Writing to Mr Trump, he stated: ‘As you will know, the potential impact of any future UK-US trade agreement on our National Health Service and other vital public services is of profound concern to the British public.

Boris Johnson and Jeremy Corbyn (pictured centre and right at a vigil in the capital today) have been involved in an extraordinary blame game over the London Bridge attack

‘A critical issue in this context is the cost of drugs to our NHS.

‘The cost of patented drugs in the US is approximately 2.5 times higher than in the UK, and the price of the top 20 medicines is 4.8 times higher than in the UK.
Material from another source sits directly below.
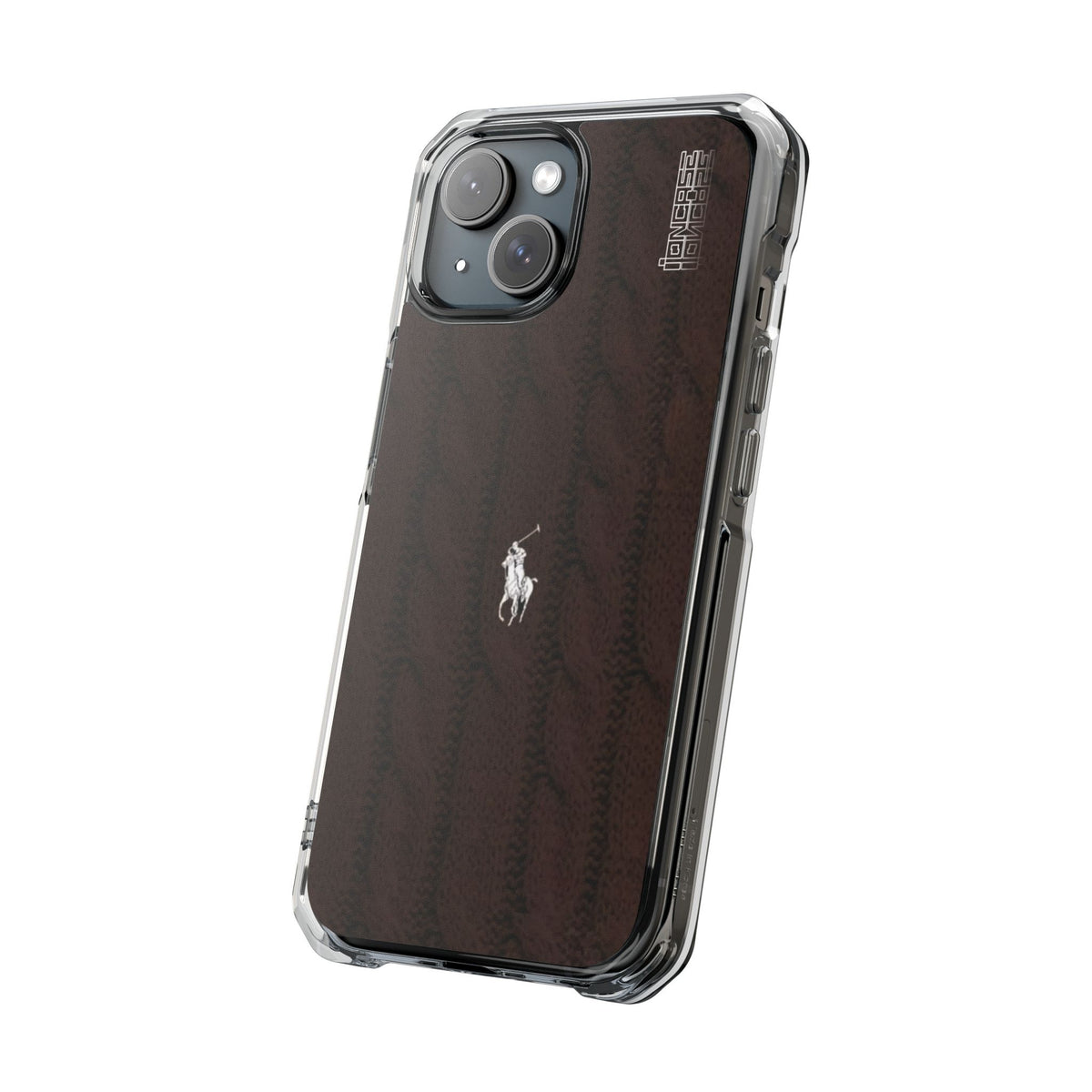 Coque Ralph Lauren Laine Velours Brown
‘Any increase in the NHS drugs bill would be an unacceptable outcome of US-UK trade negotiations.

‘Yet you have given a number of clear and worrying indications that this is exactly what you hope to achieve.’

He told Mr Trump it would ‘go a long way to reassuring the British public’ if he rowed back from the NHS-related negotiation aims seen in the leaked civil service paper on the UK-US talks.

Mr Corbyn wrote: ‘A revision of the US negotiating objectives along these lines would go a long way to reassuring the British public that the US government will not be seeking total market access to the UK public services – that the NHS will not be on the table in US-UK trade negotiations, that a US-UK trade deal will not open up NHS services to irreversible privatisation, and that the US government accepts that our NHS is not for sale in any form.’

Mr Corbyn sent a letter with similar demands to the Prime Minister on Monday, the eve of the Nato summit.

Trump previously said it would be ‘so bad’ for Britain if Mr Corbyn was to become prime minister.